> Exercise:
The answer is to be the data that follows, transcribed exactly, minus its pictures.

> Given data:
+ + + + + + +
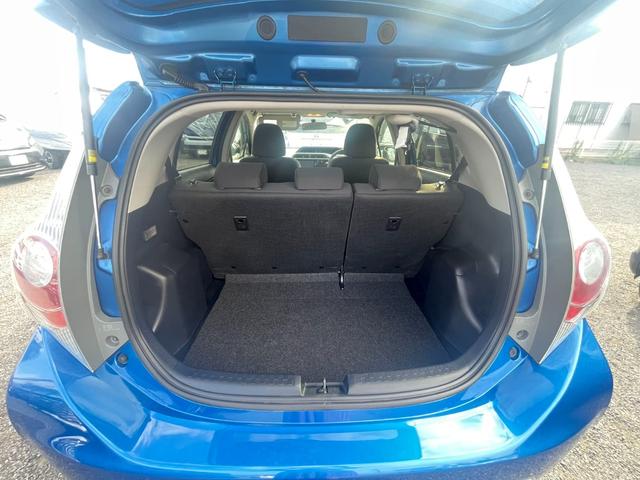アクア キーレスエントリー,スマートキー,ABS,ETC,TV,Bluetooth接続,1500ccエコカー減税対象車(9枚目)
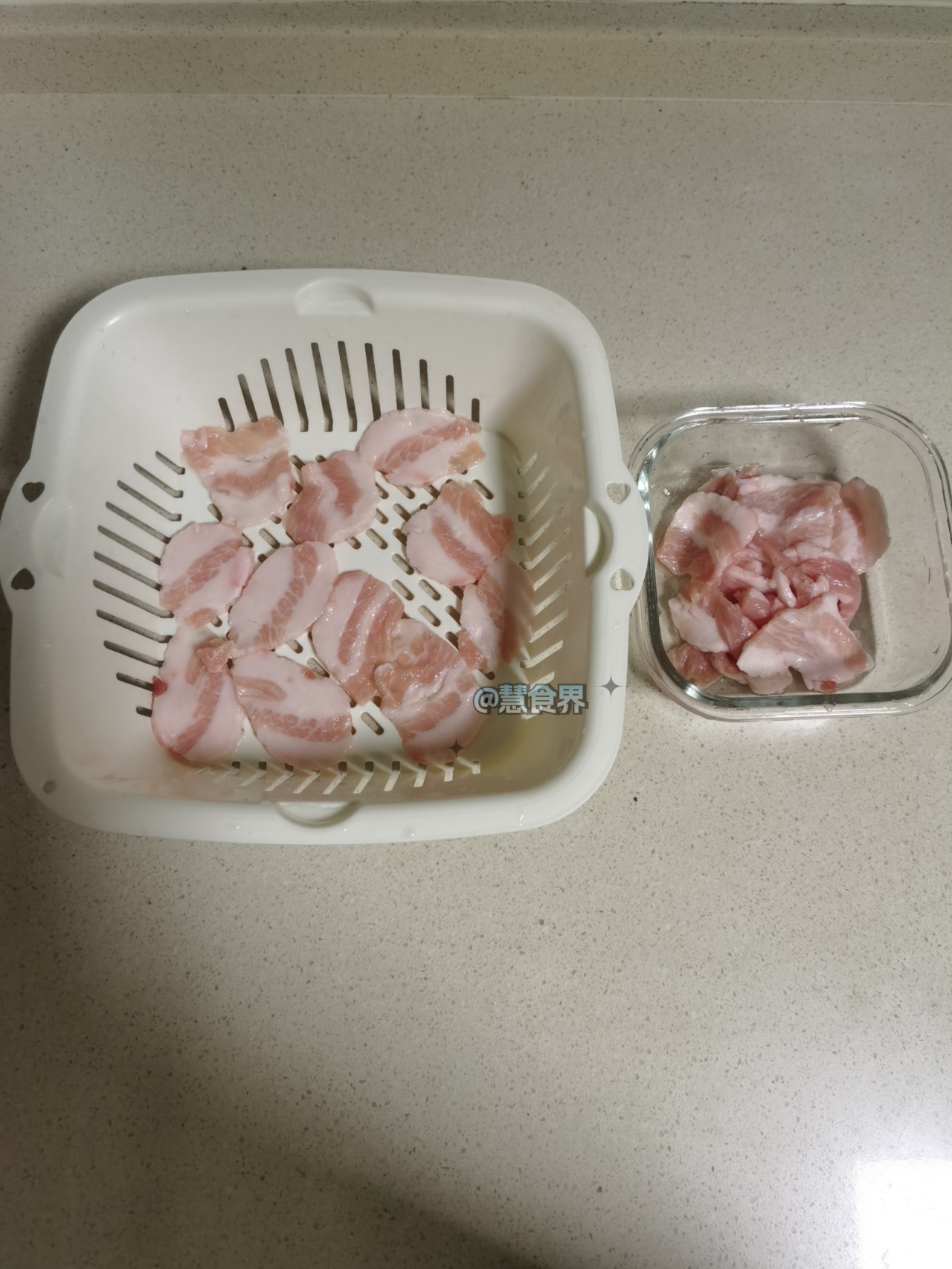 洋葱彩椒胡萝卜炒肉片的做法 步骤1
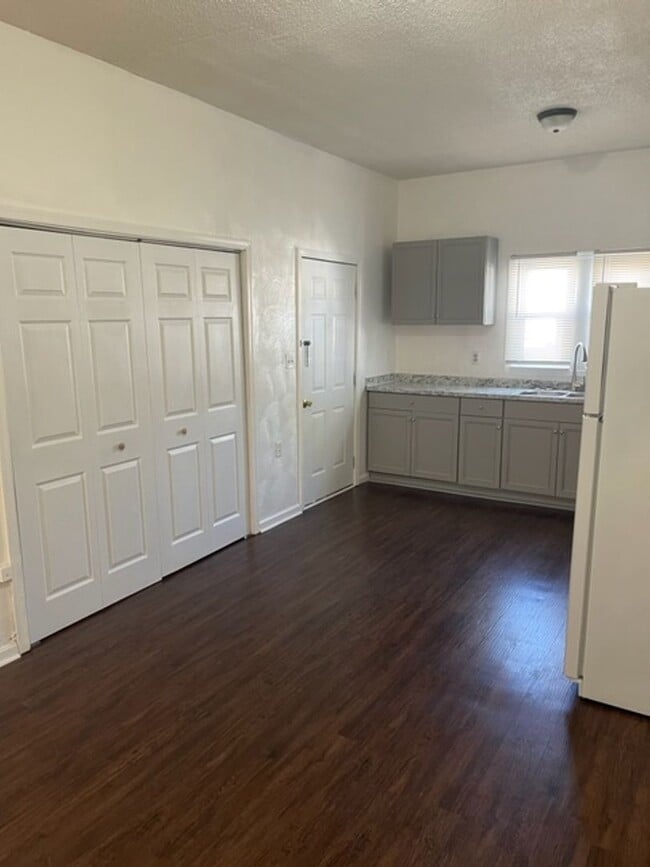 Building Photo - WILLOUGHBY BEACH / NAVAL BASE AREA FOR RENT!!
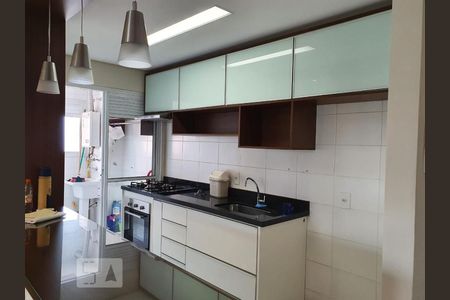 Cozinha de apartamento para alugar com 2 quartos, 73m² em Vila Andrade, São Paulo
+ + + + + + +
> Answer area:
アクア キーレスエントリー,スマートキー,ABS,ETC,TV,Bluetooth接続,1500ccエコカー減税対象車(9枚目)
 洋葱彩椒胡萝卜炒肉片的做法 步骤1
 Building Photo - WILLOUGHBY BEACH / NAVAL BASE AREA FOR RENT!!
 Cozinha de apartamento para alugar com 2 quartos, 73m² em Vila Andrade, São Paulo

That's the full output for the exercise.